# Screwed out of a tip, by Uber



## Mista T (Aug 16, 2017)

Took a pax today. 2nd time ever using Uber. 1st time was a year ago.

"When the ride is over, can you show me how to do the tipping thing in the app? They didn't have it last time I used it."

I will be damned, it did not give him the option to tip. Even went back in again, looked at his ride history, and there was no tipping option.

I *****ed at Uber thru the app, they said the pax needed to update to the latest version of the app.

??? Why isn't this automatic? Drivers have to update automatically, right? Why the F are we being silently screwed out of potential tips because they won't force updates on pax?

Grrrrr!!!


----------



## Uber's Guber (Oct 22, 2017)

The tip is already included in the fare.
Thank you for being an Uber partner.
~ Support Team


----------



## henrygates (Mar 29, 2018)

You can turn off automatic updates.
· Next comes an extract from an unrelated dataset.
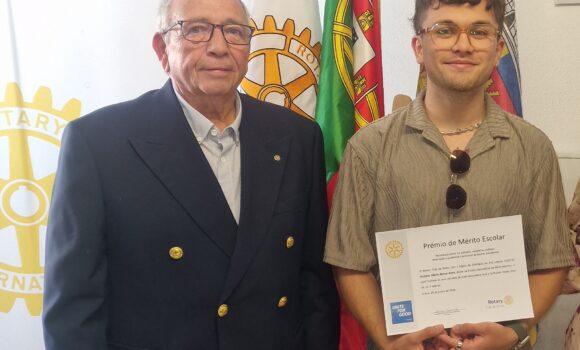 Bolsas de Estudo e Prémios Escolares – Entrega de Prémios promovida pelo Rotary Club de Sintra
Uber can't force anyone to update. Makes you wonder how many old apps he has on his phone.


----------



## DocT (Jul 16, 2015)

Mista T said:


> Took a pax today. 2nd time ever using Uber. 1st time was a year ago.
> 
> "When the ride is over, can you show me how to do the tipping thing in the app? They didn't have it last time I used it."
> 
> ...


The pax will/should receive a trip receipt via email, and I believe he can tip from the email link. This is based on what I've read in other forums. I have never taken a trip on Uber as a pax, so I can't confirm.


----------



## CvilleUber (Aug 29, 2016)

Why the hell is this Uber's fault? I would have sat there, downloaded the new app, then showed the pax how to add a tip to an already ended trip.
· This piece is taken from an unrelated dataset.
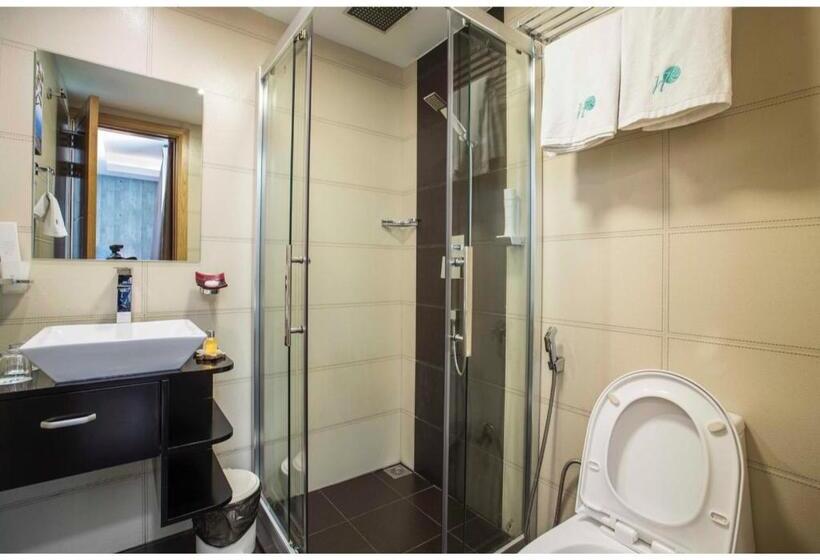 سوییت لوکس, H78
Next, let's blame Uber for people watching TV on Fridays instead of hitting the bars.


----------



## Uberfunitis (Oct 21, 2016)

Mess around for 15 minutes trying to sort this guys app out for him and teach him how to use it only to get a one dollar tip when you could have another trip in that time for 3.75 +quest tic


----------



## CvilleUber (Aug 29, 2016)

My app would be on, waiting for the next ride. Spending 3 minutes downloading an update for a buck is wort it to me. If it takes you 15, you're doing it wrong.


----------



## jester121 (Sep 6, 2016)

henrygates said:


> You can turn off automatic updates. Uber can't force anyone to update.
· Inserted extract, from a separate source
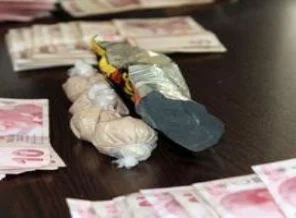 Cips paketinden eroin çıktı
Sure they can, it's called an error message when he tries to log in that says "update your damn app or you can't call an Uber, dumbass."

But Uber doesn't care about your tips, they keep it as easy as possible to wring every dollar out of the passengers into their own pockets. As long as the old version of the app will show upfront (take it from behind) pricing, Uber is cool.


----------